Cependant, il a réaffirmé l’engagement de l’Inp à accompagner les programmes gouvernementaux, notamment le programme prioritaire « Santé des sols », pour contribuer à la Vision 2050 en renforçant la résilience des communautés face au changement climatique. Face à ce tableau alarmant, l’Inp s’est vite investi sur le terrain avec le programme prioritaire « Santé des sols », dont il assure la maîtrise. En neuf mois, l’institut a cartographié près de 7 000 hectares, amendé 6 500 hectares et déployé des recommandations précises commune par commune. Du chaulage pour relever le pH, du phosphate naturel pour stimuler les cultures, de la matière organique pour redonner vie à la terre : les quantités mobilisées sont déjà impressionnantes, mais elles restent une goutte d’eau face aux besoins estimés à 120 000 tonnes de chaux, 9,90 millions de tonnes de phosphate et 15 millions de tonnes d’amendements organiques, comme l’a précisé le ministre Diagne.

Nouvelle dynamique

Dr Alfred Kouly Tine a évoqué les partenariats avec la Direction de l’Agriculture, qui a fourni 10 000 tonnes de chaux, 10 000 tonnes de matière organique et 15 000 tonnes de phosphate naturel, permettant un objectif d’amendement de 10 000 hectares de sols acides, 2 000 hectares pauvres en matière organique et 37 500 hectares déficients en phosphore. Les résultats ne se sont pas fait attendre : là où les sols ont été soignés, les rendements ont connu une nette augmentation.

En outre, l’Inp a installé des parcelles de démonstration dans 66 communes, ainsi que des plateformes de compostage industriel à Louga, Kolda et Tambacounda, permettant la transformation rapide des déchets organiques – en collaboration avec la Société de gestion des abattoirs du Sénégal (Sogas) – en compost de qualité en moins de 18 mois. Toujours dans le cadre du programme prioritaire « Santé des sols », le directeur général de l’Inp a mis en avant les efforts de formation. En chiffres, il s’agit de 1 494 producteurs sensibilisés, dont 417 femmes, et 3 967 autres formés sur des techniques comme le compostage et la gestion des sols salinisés, en partenariat avec le Fonds Climat. Il a mentionné les 90 émissions audiovisuelles réalisées, les conventions signées avec des projets comme le Psr, le Pdrso, la Grande Muraille Verte et le Fonds vert, ainsi qu’un film documentaire sur la valorisation des déchets, diffusé sur les réseaux sociaux.

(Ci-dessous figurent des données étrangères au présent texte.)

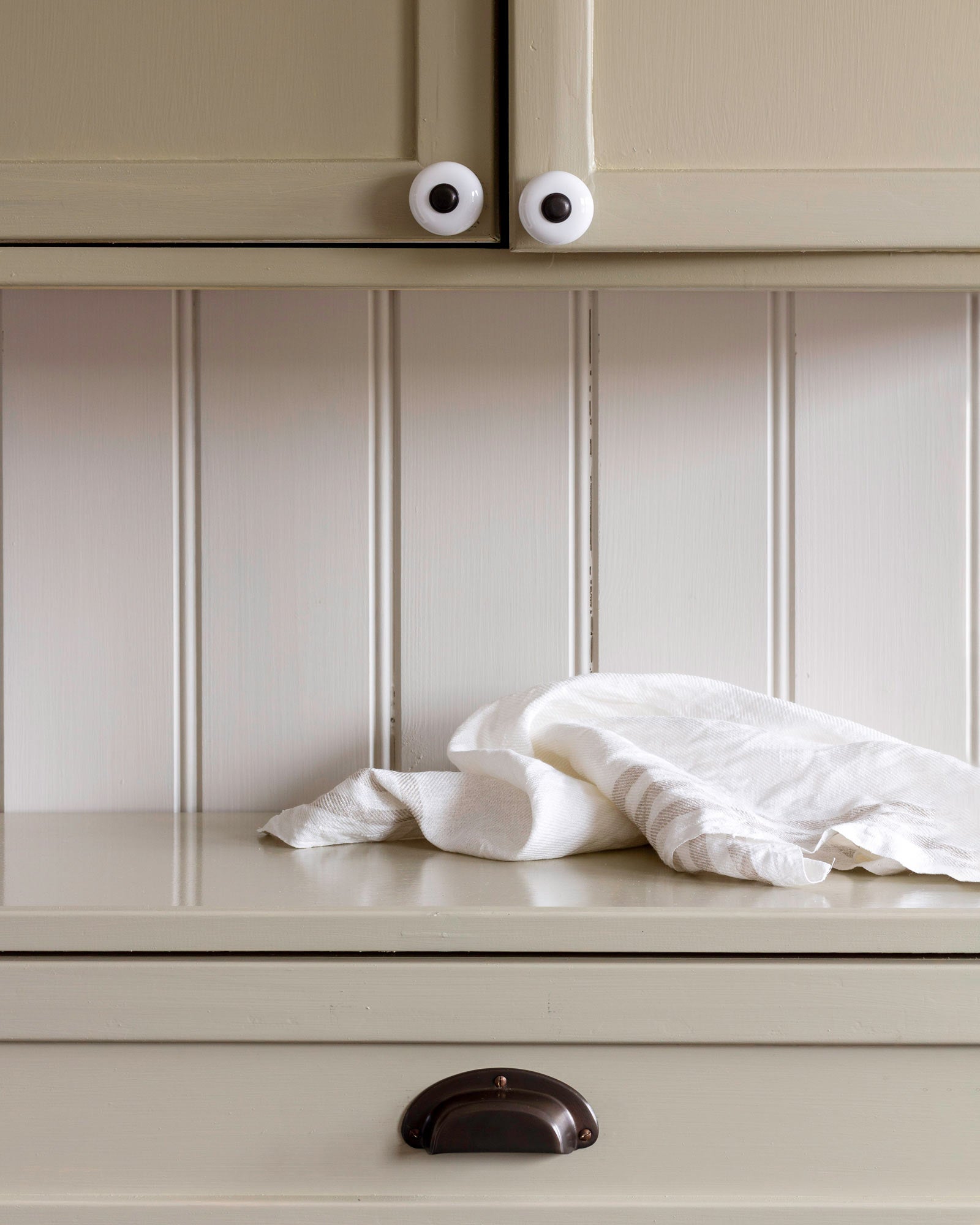 Knott - Porselensknopp antikk messing image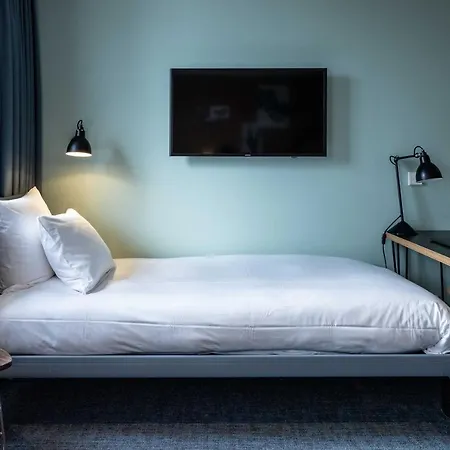 Conscious The Tire Station Hotel 3*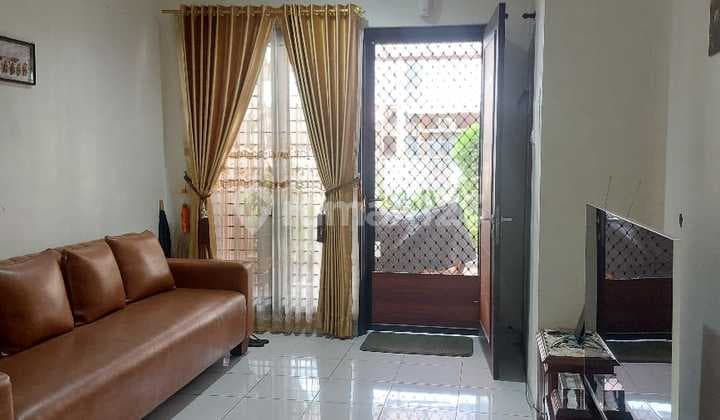 Di jual rumah 2 lantai semi furnished dalam.cluster aralia harapan indah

Le ministre, Dr Mabouba Diagne, s’est réjoui des « prouesses » accomplies par l’Inp malgré des moyens limités. Il s’est engagé à répondre favorablement à leurs demandes qui impliquent un appui matériel et financier. Pour sa part, le représentant de la Fao, Ibra Sounkarou Ndiaye, a salué cette « nouvelle dynamique » et appelé à transformer rapidement les acquis scientifiques en un cadre national d’investissement, afin d’aligner la lutte pour les sols sur la Vision Sénégal 2050. Il a évoqué la collaboration étroite avec l’Inp depuis 2022, incluant l’établissement de situations de référence dans les zones agroclimatiques, l’élaboration de plans d’aménagement et la mise en place d’un système d’information pédologique visant à améliorer la production, la nutrition, l’environnement et les moyens de subsistance.